4.2. Varying Cost-related Congestion

We vary cost-related congestion by varying both the probability of cost-related congestion (i.e., the probability of generation costs for which the transmission capacity prevents that the generators with the lowest costs satisfy the demand) and the cost-related congestion level (i.e., the maximum amount to be redispatched $d_{B} - k$ ).

In the basic model, the maximum amount to be redispatched is $d_{B} - k = 2 k - k = k$ units and, whereas maximum redispatch always occurs in equilibrium, the amount of cost-related redispatch is usually less than $k$ and the probability of cost-related congestion is less than one (see Section 3.1).

We extend our analysis by also studying scenarios where this is not the case, that is, where congestion occurs with probability zero, or where the congestion level is higher than in the basic model.
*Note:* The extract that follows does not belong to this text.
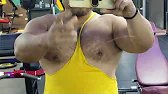 Bearish chest! #beefymuscle.com #beefy #massive #muscle #musclebear #musclehunk #bulky #pecs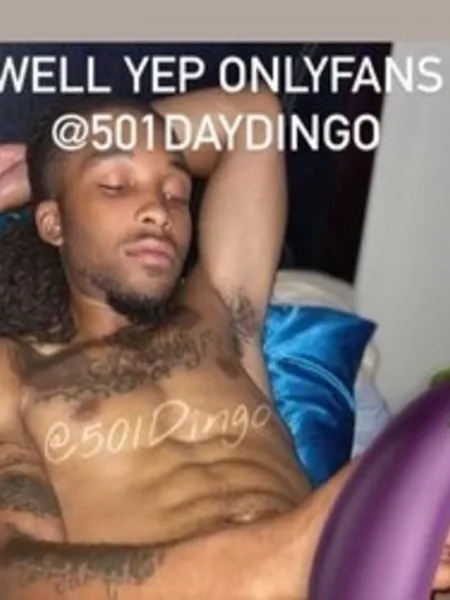 501DayDingo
For this purpose, we vary the demand. Since we want to identify and illustrate the basic effects of varying congestion, for simplicity we set $k = 1$ and consider the two cases $d_{B} = 1$ and $d_{B} = 3$ (and keep $n_{A} \geq 2 k + 1 = 3$ and $n_{B} = 2 k = 2$ ).

If $d_{B} = 1$ , congestion is impossible because total demand can be covered by any provider. Any spot market outcome is feasible, and the redispatch stage can be discarded. Therefore, the spot market corresponds to a second-price auction, in which bidding the costs is a weakly dominant strategy. Thus, $β_{A}^{S} (x) = x$ and $β_{B}^{S} (x) = x$ constitute an equilibrium.

If $d_{B} = 3$ , one unit of electricity must be produced in $A$ to cover the total demand, while the other two units of electricity must be produced in $B$ due to the transmission capacity $c = 1$ . Therefore, both generators in $B$ will deliver electricity no matter which bids they submit. Assuming $n_{A} > 3$ ,¹⁷ the equilibrium bidding functions are

\begin{matrix} β_{A}^{S} (x) = \int_{0}^{x} t g_{(1, 2)} (t ∣ x) dt for all x \in (0, 1], \end{matrix}

(9)

\begin{matrix} β_{B}^{S} (x) \in [E [X_{(1, 2)}], r] arbitrary for all x \in [0, 1], \end{matrix}

(10)

\begin{matrix} β_{A}^{R} (x) = \frac{\int_{0}^{x} t g_{(1, 2)} (t ∣ y) dt}{G_{(1, 2)} (x ∣ y)} for all x \in (0, 1], \end{matrix}

(11)

\begin{matrix} β_{B}^{R} (x) = r for all x \in [0, 1], \end{matrix}

(12)

where $y = {(β_{A}^{S})}^{- 1} (p) > x$ denotes the costs of the price-setting provider in the spot market. The boundary bids are $β_{A}^{S} (0) = 0$ and $β_{A}^{R} (0) = 0$ .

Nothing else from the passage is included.